Given information

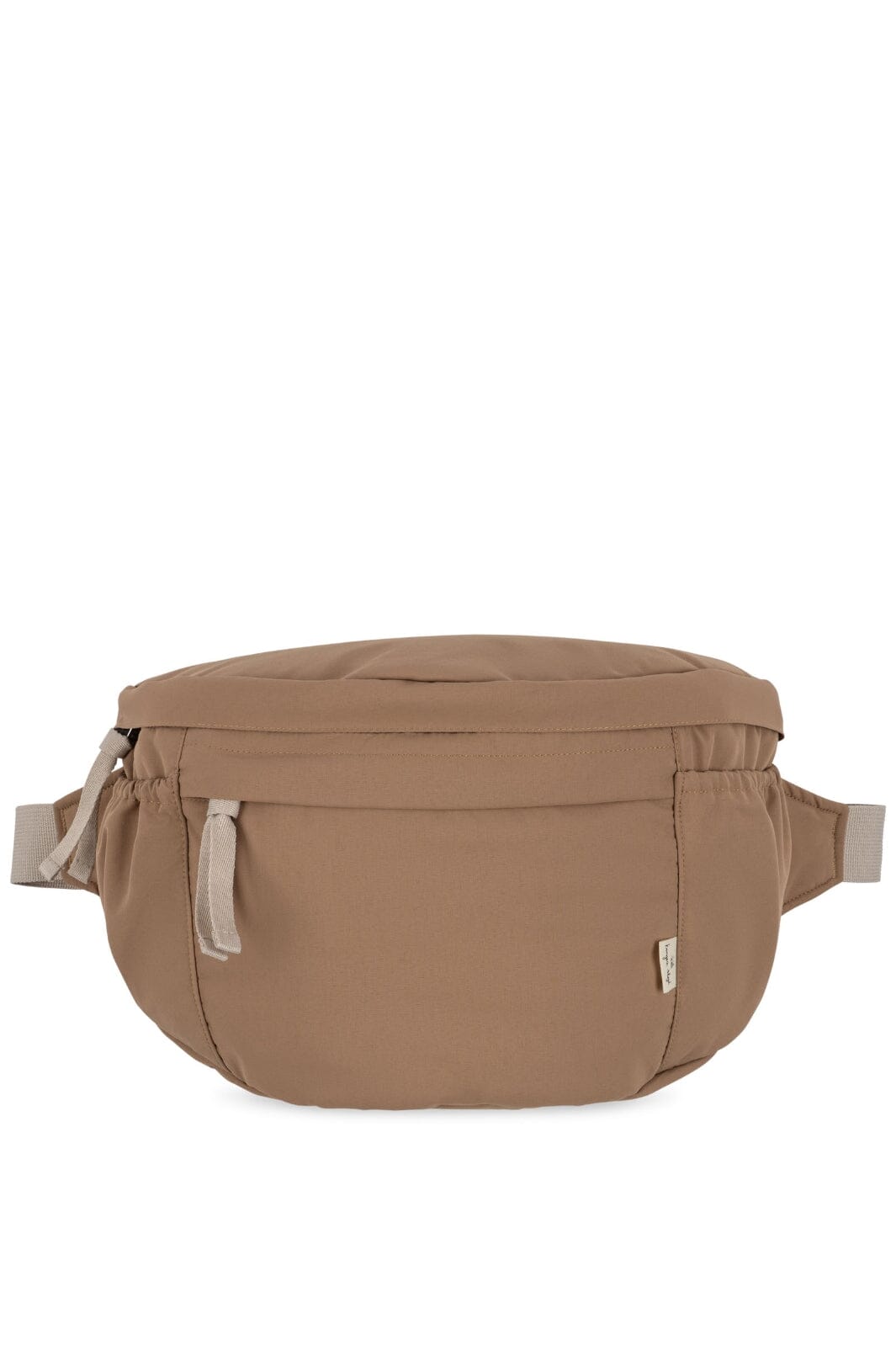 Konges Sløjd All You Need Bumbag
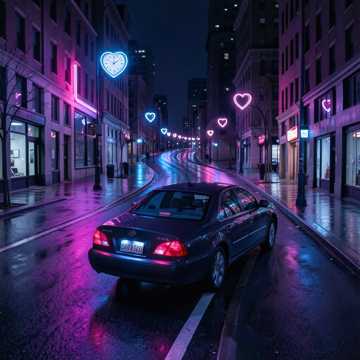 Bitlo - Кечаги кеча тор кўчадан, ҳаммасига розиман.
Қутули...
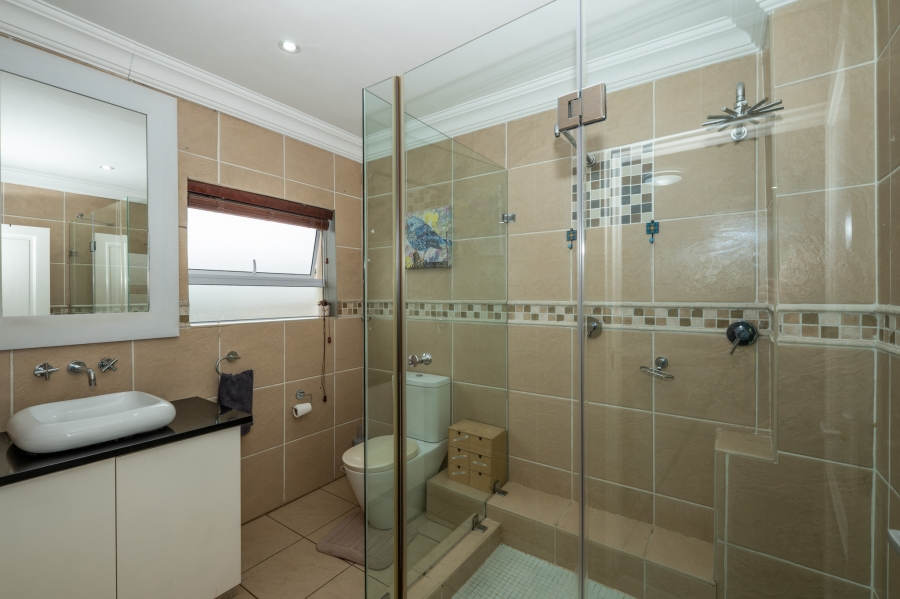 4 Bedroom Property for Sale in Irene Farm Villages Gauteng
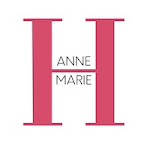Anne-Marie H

What you will do
Please set down every line of the listing verbatim, excluding its pictures.

Written solution
 Konges Sløjd All You Need Bumbag
 Bitlo - Кечаги кеча тор кўчадан, ҳаммасига розиман.
Қутули...
 4 Bedroom Property for Sale in Irene Farm Villages Gauteng
Anne-Marie H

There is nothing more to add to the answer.